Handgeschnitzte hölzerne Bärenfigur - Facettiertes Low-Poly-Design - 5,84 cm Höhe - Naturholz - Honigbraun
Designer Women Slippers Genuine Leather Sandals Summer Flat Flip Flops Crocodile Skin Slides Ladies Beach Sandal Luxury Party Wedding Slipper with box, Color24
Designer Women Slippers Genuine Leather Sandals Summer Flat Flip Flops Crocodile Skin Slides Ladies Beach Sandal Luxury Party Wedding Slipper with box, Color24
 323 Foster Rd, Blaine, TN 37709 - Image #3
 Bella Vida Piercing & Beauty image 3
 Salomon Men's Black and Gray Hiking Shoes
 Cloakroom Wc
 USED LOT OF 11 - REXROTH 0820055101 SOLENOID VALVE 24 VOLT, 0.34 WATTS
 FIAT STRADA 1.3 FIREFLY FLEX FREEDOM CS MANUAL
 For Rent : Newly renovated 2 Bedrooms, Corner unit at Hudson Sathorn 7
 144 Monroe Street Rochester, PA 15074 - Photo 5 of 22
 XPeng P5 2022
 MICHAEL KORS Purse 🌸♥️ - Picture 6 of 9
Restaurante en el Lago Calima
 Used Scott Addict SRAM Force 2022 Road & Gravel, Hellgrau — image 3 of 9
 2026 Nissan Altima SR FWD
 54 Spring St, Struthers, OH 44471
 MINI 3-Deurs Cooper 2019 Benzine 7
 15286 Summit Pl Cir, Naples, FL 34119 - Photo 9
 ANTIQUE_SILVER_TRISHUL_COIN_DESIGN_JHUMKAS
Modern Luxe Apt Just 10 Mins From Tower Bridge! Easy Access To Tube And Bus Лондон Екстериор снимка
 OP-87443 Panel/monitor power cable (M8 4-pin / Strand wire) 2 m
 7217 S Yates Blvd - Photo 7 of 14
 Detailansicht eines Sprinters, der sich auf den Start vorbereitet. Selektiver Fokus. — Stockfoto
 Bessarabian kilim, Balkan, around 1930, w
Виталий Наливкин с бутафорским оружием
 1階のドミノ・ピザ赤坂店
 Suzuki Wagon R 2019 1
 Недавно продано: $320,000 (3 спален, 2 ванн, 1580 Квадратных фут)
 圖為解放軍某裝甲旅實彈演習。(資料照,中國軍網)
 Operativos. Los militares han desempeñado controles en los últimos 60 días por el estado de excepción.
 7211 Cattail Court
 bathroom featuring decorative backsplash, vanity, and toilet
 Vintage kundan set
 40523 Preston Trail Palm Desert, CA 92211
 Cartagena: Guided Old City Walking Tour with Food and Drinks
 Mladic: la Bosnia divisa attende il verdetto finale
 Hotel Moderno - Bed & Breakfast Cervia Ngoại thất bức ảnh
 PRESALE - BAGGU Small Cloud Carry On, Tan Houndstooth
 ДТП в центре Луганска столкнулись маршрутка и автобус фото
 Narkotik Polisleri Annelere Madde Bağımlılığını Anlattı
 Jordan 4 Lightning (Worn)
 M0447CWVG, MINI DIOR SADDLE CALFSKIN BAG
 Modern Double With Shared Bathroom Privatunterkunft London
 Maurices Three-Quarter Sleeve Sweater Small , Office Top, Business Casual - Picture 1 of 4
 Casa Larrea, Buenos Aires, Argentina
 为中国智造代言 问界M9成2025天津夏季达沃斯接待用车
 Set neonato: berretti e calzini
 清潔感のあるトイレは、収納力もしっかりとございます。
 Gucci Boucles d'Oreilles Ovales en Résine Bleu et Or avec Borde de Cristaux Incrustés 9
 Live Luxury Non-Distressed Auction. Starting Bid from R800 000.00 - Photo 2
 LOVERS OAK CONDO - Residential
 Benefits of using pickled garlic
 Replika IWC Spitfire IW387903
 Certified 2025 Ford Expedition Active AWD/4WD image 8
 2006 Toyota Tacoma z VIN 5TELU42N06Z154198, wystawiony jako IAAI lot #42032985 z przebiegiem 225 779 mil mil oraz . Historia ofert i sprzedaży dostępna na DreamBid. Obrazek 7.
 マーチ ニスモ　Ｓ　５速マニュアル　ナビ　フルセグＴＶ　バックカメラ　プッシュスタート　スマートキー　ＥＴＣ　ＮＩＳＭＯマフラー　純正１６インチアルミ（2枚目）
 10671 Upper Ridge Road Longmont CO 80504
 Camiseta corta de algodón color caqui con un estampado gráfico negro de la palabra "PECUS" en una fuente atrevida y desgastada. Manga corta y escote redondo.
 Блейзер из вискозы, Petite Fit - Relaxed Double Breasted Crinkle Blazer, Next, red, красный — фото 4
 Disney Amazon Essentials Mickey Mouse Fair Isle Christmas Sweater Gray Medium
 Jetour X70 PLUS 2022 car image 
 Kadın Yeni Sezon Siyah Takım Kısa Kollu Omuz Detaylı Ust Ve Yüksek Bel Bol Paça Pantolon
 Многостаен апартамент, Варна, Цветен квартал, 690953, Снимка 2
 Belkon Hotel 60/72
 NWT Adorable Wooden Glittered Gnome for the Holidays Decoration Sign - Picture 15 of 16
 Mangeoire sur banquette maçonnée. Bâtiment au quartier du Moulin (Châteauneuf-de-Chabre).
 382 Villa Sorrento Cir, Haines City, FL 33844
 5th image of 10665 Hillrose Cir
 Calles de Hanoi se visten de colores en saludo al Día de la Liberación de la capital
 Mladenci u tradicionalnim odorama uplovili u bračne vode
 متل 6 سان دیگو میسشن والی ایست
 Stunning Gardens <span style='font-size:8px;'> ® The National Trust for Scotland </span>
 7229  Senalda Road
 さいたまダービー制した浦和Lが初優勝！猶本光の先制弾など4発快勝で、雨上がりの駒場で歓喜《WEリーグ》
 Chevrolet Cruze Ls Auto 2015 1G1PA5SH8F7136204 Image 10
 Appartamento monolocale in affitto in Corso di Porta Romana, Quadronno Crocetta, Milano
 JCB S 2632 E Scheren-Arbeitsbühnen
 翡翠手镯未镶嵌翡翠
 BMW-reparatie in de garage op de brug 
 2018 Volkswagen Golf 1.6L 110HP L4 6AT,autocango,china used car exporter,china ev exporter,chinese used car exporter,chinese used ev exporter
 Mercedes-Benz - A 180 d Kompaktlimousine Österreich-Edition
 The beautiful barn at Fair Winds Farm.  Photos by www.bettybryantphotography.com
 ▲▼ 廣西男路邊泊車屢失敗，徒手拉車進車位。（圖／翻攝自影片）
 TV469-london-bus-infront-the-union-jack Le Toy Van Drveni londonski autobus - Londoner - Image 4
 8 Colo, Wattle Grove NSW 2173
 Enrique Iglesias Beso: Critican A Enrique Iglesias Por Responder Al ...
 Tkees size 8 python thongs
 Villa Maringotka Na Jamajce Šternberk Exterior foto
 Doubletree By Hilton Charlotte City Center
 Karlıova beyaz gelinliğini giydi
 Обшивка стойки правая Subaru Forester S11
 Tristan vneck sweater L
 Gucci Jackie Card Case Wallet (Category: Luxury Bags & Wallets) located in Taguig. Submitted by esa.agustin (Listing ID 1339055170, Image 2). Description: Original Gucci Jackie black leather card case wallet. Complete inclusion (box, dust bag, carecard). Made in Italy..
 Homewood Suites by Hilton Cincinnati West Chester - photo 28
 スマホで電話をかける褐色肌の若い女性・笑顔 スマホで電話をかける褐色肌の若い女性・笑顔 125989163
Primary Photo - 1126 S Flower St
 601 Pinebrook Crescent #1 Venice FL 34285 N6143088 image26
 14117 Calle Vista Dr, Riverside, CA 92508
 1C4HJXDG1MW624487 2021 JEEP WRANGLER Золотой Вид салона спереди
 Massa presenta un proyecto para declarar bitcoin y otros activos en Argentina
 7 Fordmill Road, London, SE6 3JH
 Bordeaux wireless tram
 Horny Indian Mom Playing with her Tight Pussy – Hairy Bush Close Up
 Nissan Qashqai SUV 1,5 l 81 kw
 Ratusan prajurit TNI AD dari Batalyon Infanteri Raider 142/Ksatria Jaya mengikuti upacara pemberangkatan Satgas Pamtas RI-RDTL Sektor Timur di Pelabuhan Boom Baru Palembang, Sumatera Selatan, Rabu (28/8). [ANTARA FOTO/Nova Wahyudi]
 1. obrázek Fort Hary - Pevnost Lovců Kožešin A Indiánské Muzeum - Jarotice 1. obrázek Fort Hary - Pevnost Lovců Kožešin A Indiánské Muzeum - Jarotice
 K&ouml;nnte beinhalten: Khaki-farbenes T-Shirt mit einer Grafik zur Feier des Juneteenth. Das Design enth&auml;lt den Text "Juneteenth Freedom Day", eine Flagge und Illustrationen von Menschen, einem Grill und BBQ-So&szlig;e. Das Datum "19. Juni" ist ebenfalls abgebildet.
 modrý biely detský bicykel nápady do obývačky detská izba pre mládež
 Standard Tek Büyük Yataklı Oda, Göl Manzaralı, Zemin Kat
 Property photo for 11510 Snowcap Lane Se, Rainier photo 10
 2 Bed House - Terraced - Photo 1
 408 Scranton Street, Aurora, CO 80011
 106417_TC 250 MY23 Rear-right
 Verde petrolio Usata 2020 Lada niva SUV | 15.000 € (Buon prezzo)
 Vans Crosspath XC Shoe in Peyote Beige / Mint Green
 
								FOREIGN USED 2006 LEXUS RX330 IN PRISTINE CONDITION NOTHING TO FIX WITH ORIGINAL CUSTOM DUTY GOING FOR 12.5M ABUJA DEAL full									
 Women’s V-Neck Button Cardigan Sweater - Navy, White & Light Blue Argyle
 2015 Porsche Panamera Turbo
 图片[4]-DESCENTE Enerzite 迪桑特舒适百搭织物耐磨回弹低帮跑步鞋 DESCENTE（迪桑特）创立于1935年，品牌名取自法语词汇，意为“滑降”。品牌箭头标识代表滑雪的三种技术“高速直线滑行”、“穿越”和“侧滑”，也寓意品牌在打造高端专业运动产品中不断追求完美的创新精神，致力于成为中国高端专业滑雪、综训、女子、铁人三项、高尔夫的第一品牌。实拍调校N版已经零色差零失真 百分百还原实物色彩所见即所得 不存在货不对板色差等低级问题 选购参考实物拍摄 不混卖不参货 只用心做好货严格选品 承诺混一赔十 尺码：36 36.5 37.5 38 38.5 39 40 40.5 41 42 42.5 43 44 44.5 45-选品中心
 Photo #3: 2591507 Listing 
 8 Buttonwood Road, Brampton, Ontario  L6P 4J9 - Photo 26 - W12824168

THE TASK:
Give back precisely the lines above that start at the line containing "USED LOT OF" and end at the line containing "Used Scott Addict", inclusive. No other lines belong in the output.

SOLUTION TO THIS PROBLEM:
 USED LOT OF 11 - REXROTH 0820055101 SOLENOID VALVE 24 VOLT, 0.34 WATTS
 FIAT STRADA 1.3 FIREFLY FLEX FREEDOM CS MANUAL
 For Rent : Newly renovated 2 Bedrooms, Corner unit at Hudson Sathorn 7
 144 Monroe Street Rochester, PA 15074 - Photo 5 of 22
 XPeng P5 2022
 MICHAEL KORS Purse 🌸♥️ - Picture 6 of 9
Restaurante en el Lago Calima
 Used Scott Addict SRAM Force 2022 Road & Gravel, Hellgrau — image 3 of 9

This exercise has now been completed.